Going to great lengths to deliver the franchise
It’s an early start – so early that only a faint light on the horizon breaks the darkness. But the team from Darwin has already been up for some time, preparing for their day of remote polling in Warruwi – a remote Northern Territory Aboriginal community on South Goulburn Island.
Warruwi, with around 220 enrolled voters, is just one of many Indigenous communities spread over 1.3 million square kilometres in the Division of Lingiari that received mobile polling services during the 2013 federal election.
Almost all of the voters in Lingiari live in remote areas, and one in every three lives in a remote Indigenous community. Service delivery in these areas can be particularly challenging. For many of these Aboriginal and Torres Strait Islander voters English is their second, or even third, language and electoral processes are unfamiliar and challenging. Nevertheless, they are keen to have their say.
To make it easier, the AEC implemented significant improvements to electoral services for remote voters during the 2013 election. Schedules were extended to allow communities with more than 200 enrolled voters to receive at least one full day of polling. Larger communities received up to five days of polling. The extended services were publicised widely on regional television and radio and promoted locally through Australian Government agencies and community organisations.
Partnership was key. The AEC worked in collaboration with the Department of Human Services (DHS) to maintain efficiency while extending the reach of services and to ensure they were both professional and culturally appropriate. Each AEC mobile polling team included two experienced DHS staff who work regularly in the communities and are known and well regarded. They were accompanied by an experienced AEC polling official. Most teams had at least one Indigenous member. The teams travelled to communities by air and in DHS vehicles, supported by DHS logistical staff in Darwin and Alice Springs and following DHS remote travel safety protocols.

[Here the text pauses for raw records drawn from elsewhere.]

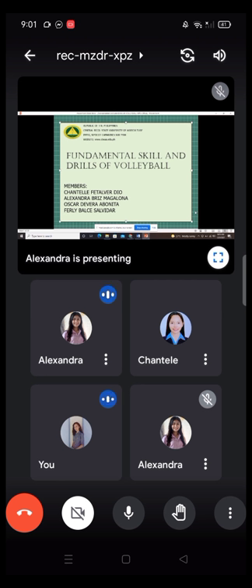Hello everyone. The fundamental skills and drills of volleyball are the assigned topic that we are going to discuss. Can you please proceed to our first fundamental skills?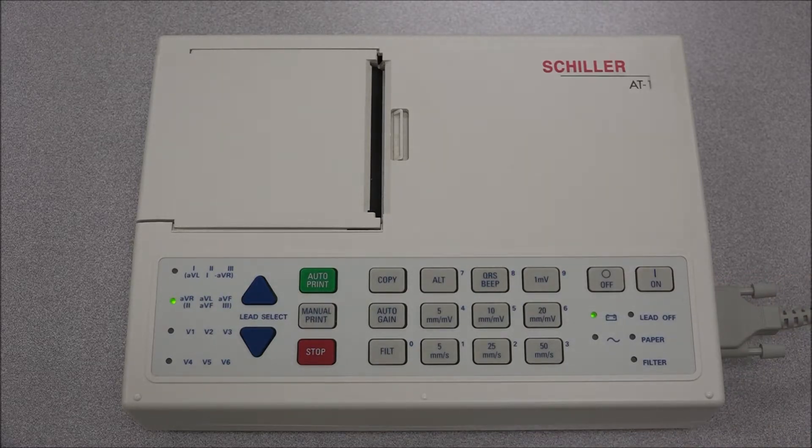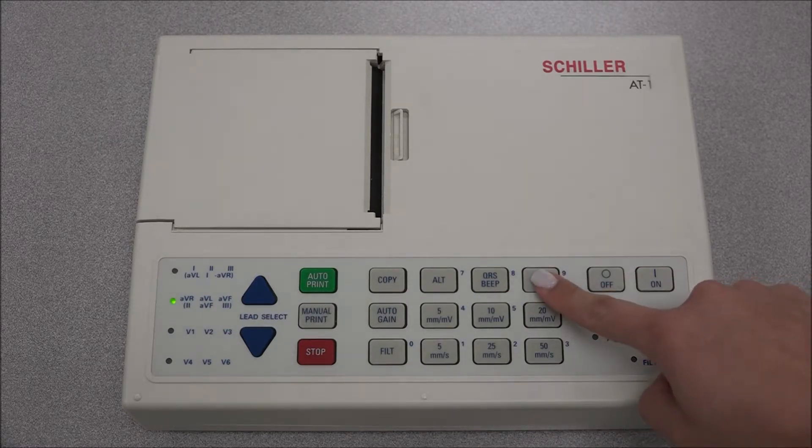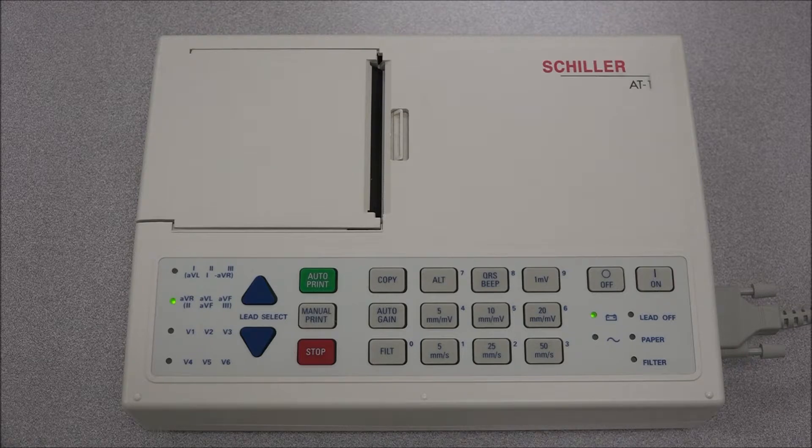The 1 mV key can be pressed at any time throughout the recording to mark an output and is used for baseline re-centering. The QRS beeper key will enable or cancel the QRS beeper. The auto gain key is used for the automatic adjustment of the ECG in order to avoid overlapping traces.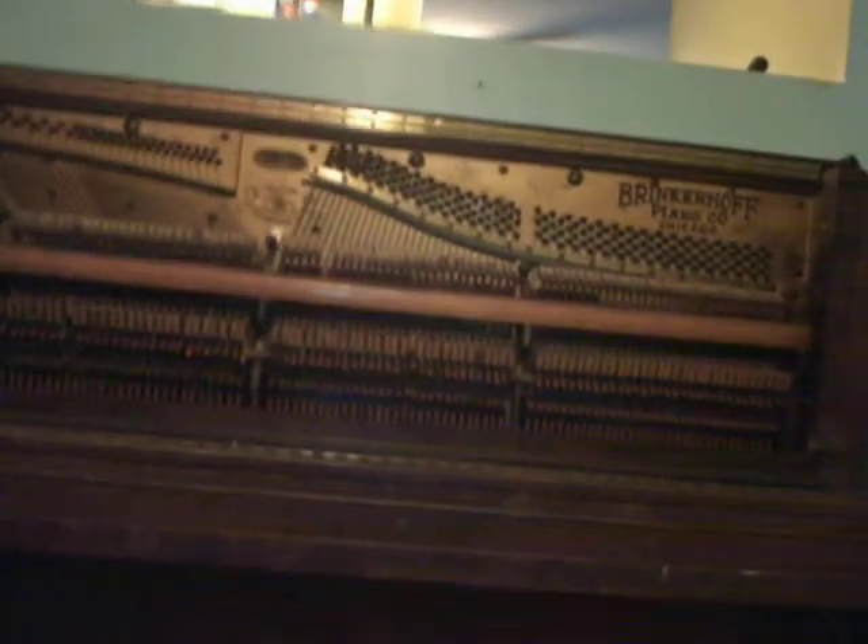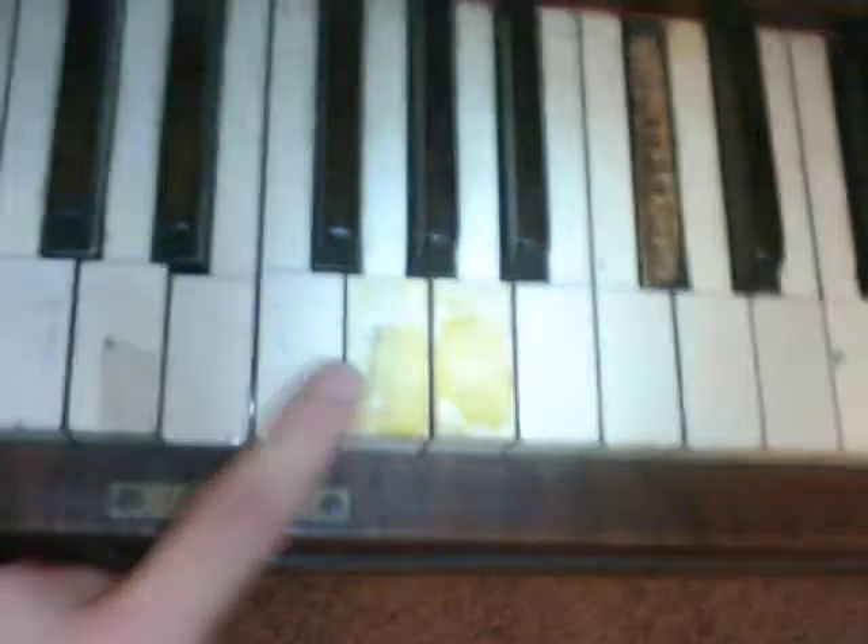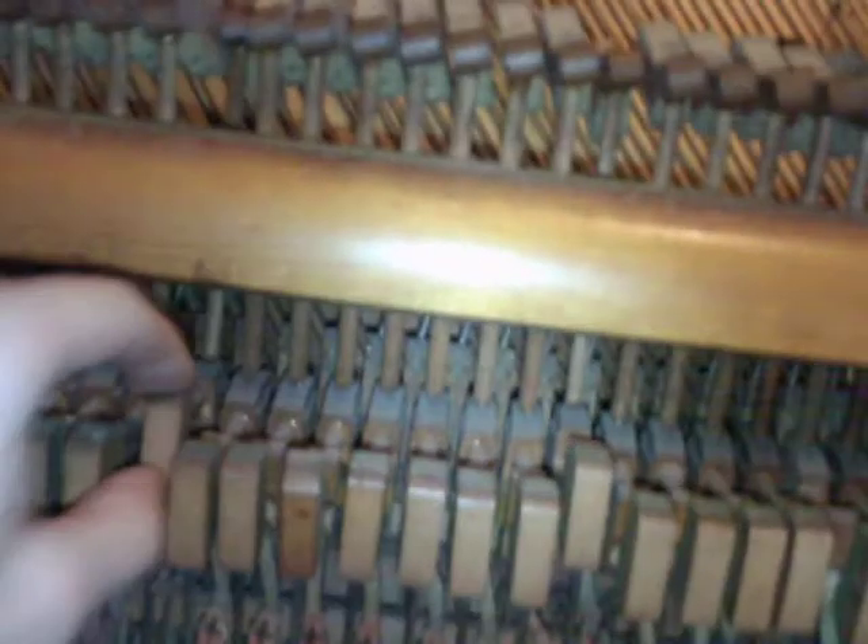You can see all the keys. I have a Brinkelhoff Piano Company label there. Some of the keys — the ivory pieces are chipped, the sharp pieces are missing, there are some cracks, some keys are dropped down, and a few of them are missing the spring or the mechanism.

At their destinations, teams used the AEC’s new electronic certified lists to search quickly for voter names and improve the movement of voters through each polling location. A series of 12 Indigenous in-language DVDs and one easy-English version were also screened at various locations on TVs or tablets. The videos showed voters how to cast a formal vote and 89 per cent of viewers said they found them helpful.
Mobile polling teams were also supported by AEC voter information officers (VIOs) – a new position established for the 2013 federal election. VIOs were local Indigenous community members trained by the AEC to help voters to understand how to cast a formal vote. Throughout the election VIOs worked in 44 remote communities across the Northern Territory.
Overall, remote polling teams for the 2013 federal election took 27 per cent more votes than in 2010. The AEC’s partnership with DHS proved to be a critical factor in improving services to remote communities, as was support received from the Australian Department of Families, Housing, Community Services and Indigenous Affairs, the Australian Bureau of Statistics, Northern Territory Shires and the many organisations and individuals who work regularly in these remote areas.